Um atrito entre o ministro da Justiça e Segurança Pública, Ricardo Lewandowski, e integrantes da Frente Parlamentar Evangélica ajudou a sacramentar a derrota do governo nesta terça-feira (28). Com quase três quintos dos deputados e dos senadores, o Congresso Nacional derrubou o veto do presidente Luiz Inácio Lula da Silva à proibição da saidinha de presos no regime semiaberto.
Os articuladores políticos da gestão Lula vinham negociando com a bancada evangélica a manutenção da saidinha. Inicialmente, contavam que esses parlamentares, ao menos, não orientassem votação pela derrubada do veto. No final, o placar foi de 314 contra o governo, 120 favoráveis e duas abstenções na Câmara e, no Senado, 52 contra, 11 a favor e uma abstenção.
??O estopim do desentendimento foi a resolução nº 34 do Conselho Nacional de Política Criminal e Penitenciária (CNPCP), vinculado à pasta, publicado no dia 24 de abril. A medida proibiu o proselitismo religioso nas penitenciárias. Proselitismo é o nome dado à busca ativa de uma religião por novos fiéis.
Os parlamentares entendem que a norma dificulta a atuação de pastores e a possibilidade de conversão dos presos.
Parlamentares da bancada evangélica e da Frente da Segurança Pública relataram terem se reunido com o Ministério da Justiça para pedir a supressão de três trechos desra resolução. Receberam como resposta que a pasta poderia editar uma nota interpretativa, mas não exclui-los.

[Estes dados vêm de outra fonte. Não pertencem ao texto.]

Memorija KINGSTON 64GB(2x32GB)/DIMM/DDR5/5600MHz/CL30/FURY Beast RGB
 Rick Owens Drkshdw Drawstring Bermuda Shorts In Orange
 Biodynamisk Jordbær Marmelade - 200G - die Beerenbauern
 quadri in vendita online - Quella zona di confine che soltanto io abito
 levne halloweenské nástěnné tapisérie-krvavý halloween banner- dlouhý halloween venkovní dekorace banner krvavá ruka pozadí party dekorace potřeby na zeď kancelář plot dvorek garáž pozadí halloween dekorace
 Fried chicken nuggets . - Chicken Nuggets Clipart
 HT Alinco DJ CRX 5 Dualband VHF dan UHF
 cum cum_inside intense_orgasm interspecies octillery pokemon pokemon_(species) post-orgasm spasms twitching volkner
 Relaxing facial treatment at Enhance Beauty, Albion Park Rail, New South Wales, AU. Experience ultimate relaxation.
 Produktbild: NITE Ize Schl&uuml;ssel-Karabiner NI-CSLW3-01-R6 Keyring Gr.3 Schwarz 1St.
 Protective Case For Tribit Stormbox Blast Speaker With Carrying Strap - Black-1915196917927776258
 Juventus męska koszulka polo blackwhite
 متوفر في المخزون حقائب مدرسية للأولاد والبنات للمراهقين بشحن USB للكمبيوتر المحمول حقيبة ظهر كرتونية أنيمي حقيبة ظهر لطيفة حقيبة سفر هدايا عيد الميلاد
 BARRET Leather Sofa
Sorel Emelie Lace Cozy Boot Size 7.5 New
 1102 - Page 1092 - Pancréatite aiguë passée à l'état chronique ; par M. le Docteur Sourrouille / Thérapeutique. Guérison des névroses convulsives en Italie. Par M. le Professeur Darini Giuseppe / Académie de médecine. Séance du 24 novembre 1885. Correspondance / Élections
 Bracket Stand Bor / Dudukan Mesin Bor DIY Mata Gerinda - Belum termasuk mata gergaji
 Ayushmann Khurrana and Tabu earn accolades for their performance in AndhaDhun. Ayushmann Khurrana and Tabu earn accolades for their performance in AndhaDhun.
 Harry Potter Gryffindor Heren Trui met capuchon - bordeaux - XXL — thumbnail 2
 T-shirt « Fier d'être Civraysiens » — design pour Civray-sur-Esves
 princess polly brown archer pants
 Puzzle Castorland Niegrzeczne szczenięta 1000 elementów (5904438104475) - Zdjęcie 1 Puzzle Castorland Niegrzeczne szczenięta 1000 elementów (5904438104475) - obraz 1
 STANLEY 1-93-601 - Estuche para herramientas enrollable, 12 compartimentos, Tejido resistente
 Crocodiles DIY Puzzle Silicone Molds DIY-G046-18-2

O apoio massivo à derrubada do veto teria sido, de acordo com esses parlamentares, um recado ao governo.
Interlocutores de Lewandowski negam essa versão. Afirmam que o ministro explicou não ter ingerência sobre as ações do CNPCP. Para suprimir os trechos, seria necessário uma nova rodada de audiências públicas e outra reunião dos conselheiros, o que poderia retardar o processo. A nota interpretativa foi sugerida como uma solução mais rápida e, segundo integrantes da pasta, teria sido aceita pelos parlamentares. Eles ficaram de enviar as sugestões por escrito, o que não fizeram, segundo essas fontes, para poder manter a narrativa contra a gestão Lula.
Após a reunião, o ministro gravou um vídeo ao lado dos deputados e senadores. “Os problemas que nos foram apresentados serão examinados com muito cuidado, com muita verticalidade e certamente haverão de ser resolvidos”, diz o ministro. O senador Carlos Viana (Podemos-MG), presidente da frente evangélica no Senado, menciona a remessa dos ajustes por escrito. “Daqui saímos com a proposta de apresentarmos as nossas dúvidas em texto para que ser corrigido juntamente com toda a equipe do Ministério da Justiça.”
Na época em que a resolução foi publicada, o presidente do CNPCP, Douglas de Melo, negou que a norma referendasse qualquer tipo de perseguição religiosa. ?Aliás, pelo contrário, pois ao longo dos debates realizados no processo de construção do documento, o CNPCP sempre se mostrou atento à necessidade de evidenciar a importância das garantias de liberdade de consciência e de crença e de livre exercício, em igualdade de condições, dos cultos religiosos. Nós reprovamos qualquer tipo de comportamento que coloque esse direito em risco?, declarou.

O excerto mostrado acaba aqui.